Post by amberwolf » May 11 2020 12:20pm

Some things to think about regarding power, efficiency, waste heat, and specifications:
carbon dragon wrote:
May 11 2020 11:24am
The motor I bought is rated 30kw which I think should be about 40hp, my thinking was running it at half power should give it plenty of headroom for heat. It's rated 120v 120A continuous. And now that I've actually written that down and done the math, that's like 14.4kw. Those guys must totally just pull these numbers out of their...
FWIW, these are the specs listed on that linked page, edited to just electrical :

Voltage(V):
120V
Output Power:
30KW
Continuous Current(A):
150A

Efficiency:
88%
MAX AMP::
400A


ESC:
120V 500A
MAX VOLT:
120V
So if it was running at 120v, 150A, that's 18kw. The efficiency listed is 88%, which is probably the peak efficiency, since that changes depending on load and conditions (you need a dyno chart to really know for sure what it is in your specific usage). Being generous and using that as the actual efficiency, that means 88% * 18000 = about 15.8kw to the prop, and the rest is wasted as heat.

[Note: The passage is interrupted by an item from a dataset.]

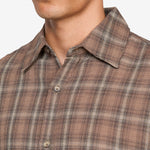 Drop Short Sleeve Shirt Brown Check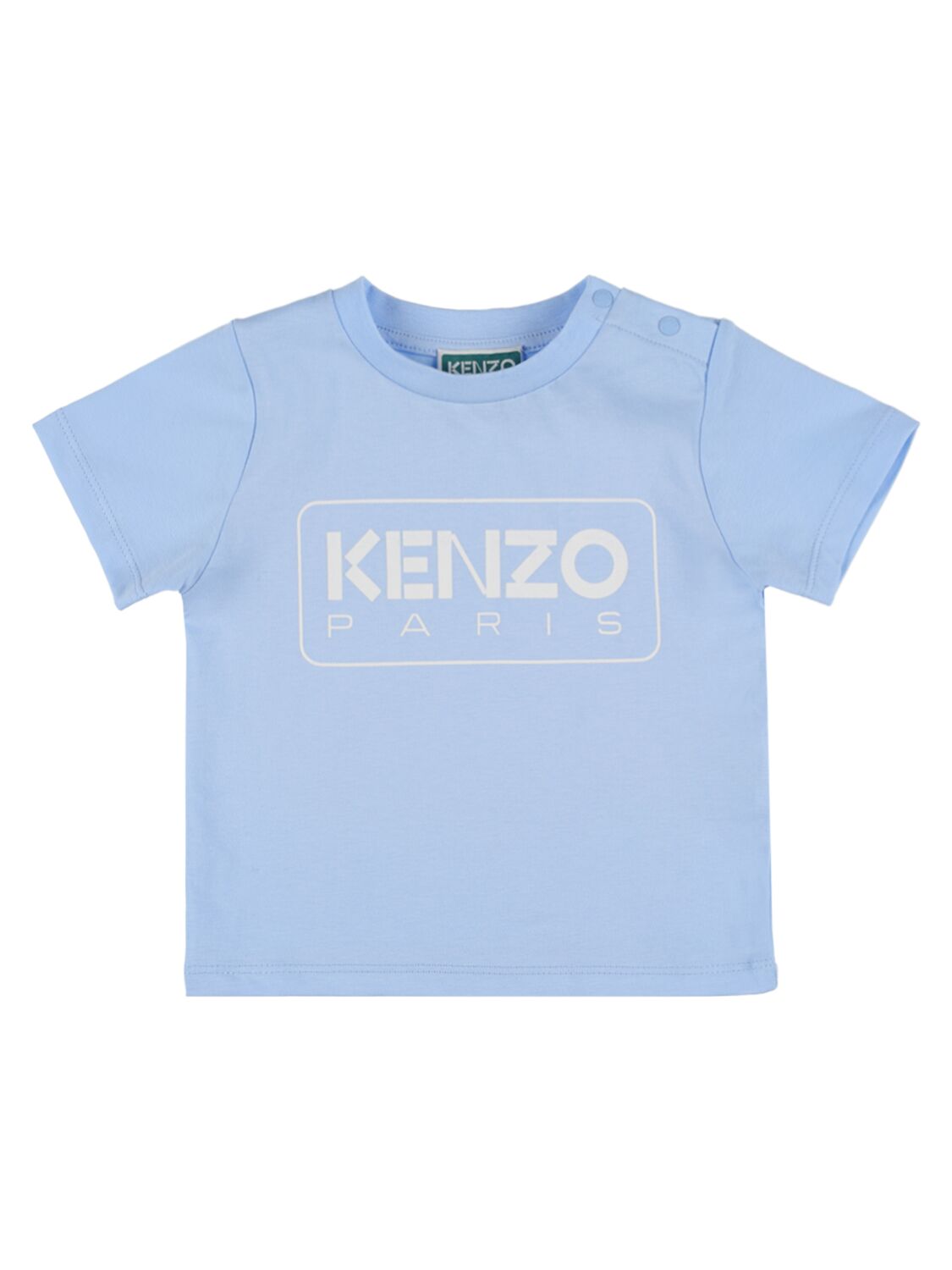 Kenzo Kids' Cotton Jersey T-shirt In Light Blue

That's about 2.2kw as heat, right there (18 - 15.8). If there's not enough airflow, it stays in the windings, heating them up. (some flows into the stator and casing thru conduction, but this takes time...more than a minute).



If the current was even higher at the time, say, near the max that the ESC could produce, let's be generous and say it's at it's rating ;) , that's 120 * 500, or 60kw. At least 12% of that is going to be heating the motor (probably a lot more, because you're well beyond the continuous rating of the motor), so that'd be at least 0.12 * 60000 = 7.2kw of just heat. I would guess it is up to twice that.

Stuff that glows red hot, *in airflow*, in a hair dryer or heatgun, is only using a few hundred to a thousand and a half watts....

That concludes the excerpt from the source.